YES.....we're tired of sitting idly by, while AMERICAN jobs are shipped
overseas at the expense of cheaper clothing at the local Walmart or
buying products from other countries simply because they have fewer regulations and pay lower wages. ALL THE WHILE....it's perfectly
fine to stomp all over the rights of the Citizens and use OUR Social
'safety nets' in favor of someone who comes here knowingly breaking our
laws and gaming the system. Yes.....we're tired of our institutions and
government, treating those who come to our shores, break our laws, giving them rights they've never paid or worked for...over
those of hard working AMERICANS, and those who've served the country,.....particularly when our senior citizens or veterans now live in abject poverty and unable to obtain the necessary services THEY need. The sooner that Snowflakes, or those subscribing to Leftist
'group-think' ideology, or the John Lennon NEW WORLD ORDER, come to a realization that
FREEDOM ISN'T FREE and there is EVIL in the world,.... that this country is a
good and noble country with laws and borders, that WE THE PEOPLE have pledged our allegiance and sworn to uphold it's laws....... the sooner COGNITIVE, THINKING ADULTS will be able to restore this
country to something resembling America rather than some 3rd world
Socialist Republic.

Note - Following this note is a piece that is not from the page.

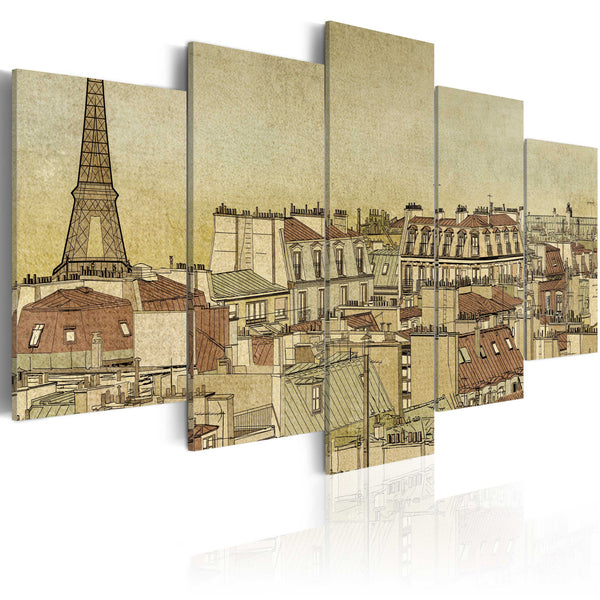 sconto Quadro - La Parigi Dei Secoli Passati Erroi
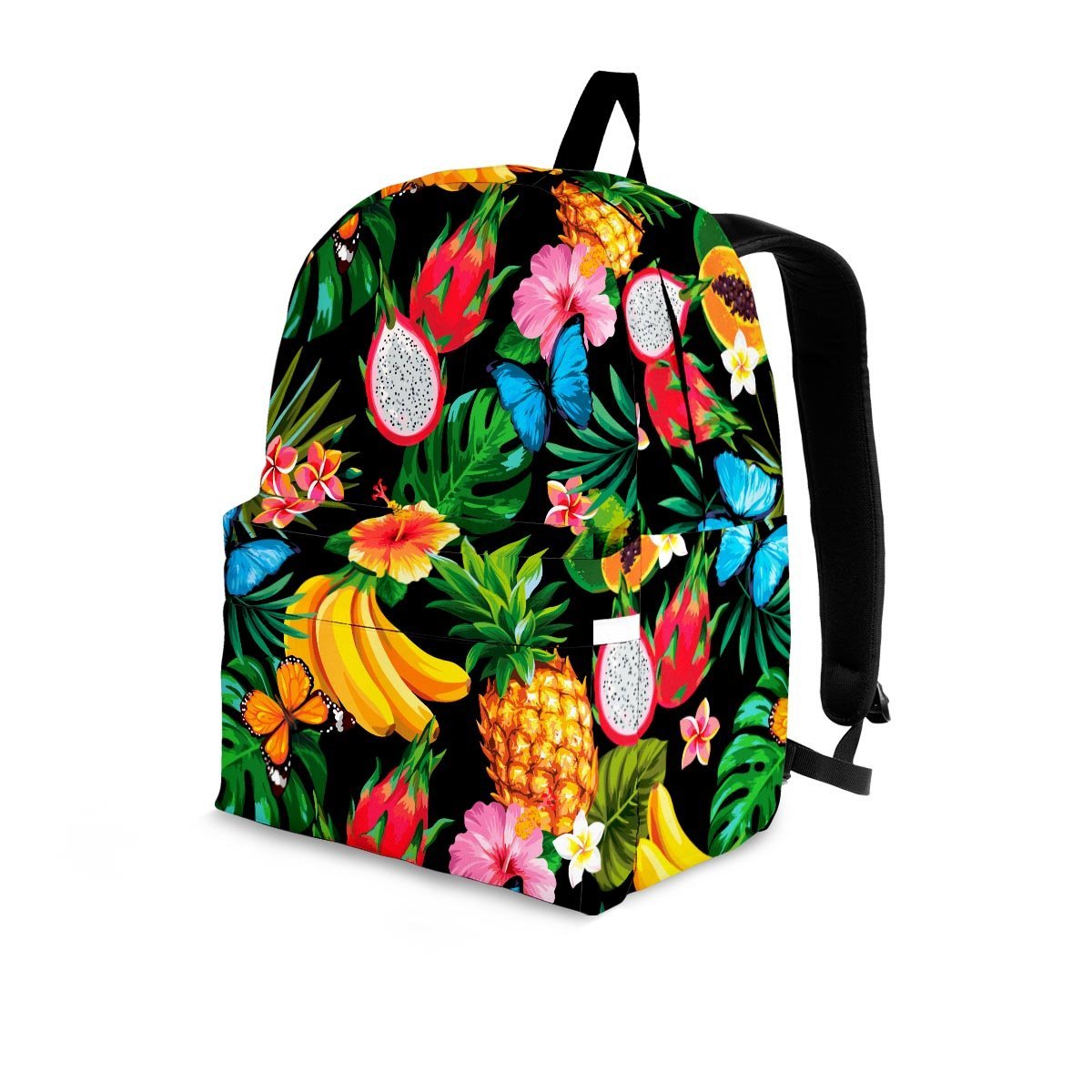 Tropical Fruit Hawaiian Print Backpack-grizzshop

AMERICA......LOVE IT OR
LEAVE IT.

Lately I feel like we're all trapped in an old episode of "The Twilight Zone" ("The Monsters Are Due on Mulberry Street" I think), where the true forces of evil (in that case creatures from outer space who want to take over the Earth but don't have much in the way of weapons) demonstrate how easy it is to get human neighbors to blame --and ultimately kill -- each other, ultimately destroying everyone in the town (and then this is replicated for every town on the planet).

I hope someday people will realize that it isn't republican versus democrat, man versues woman, or white versus non-white... it only seems this way because the true forces of evil conspire to make us think so.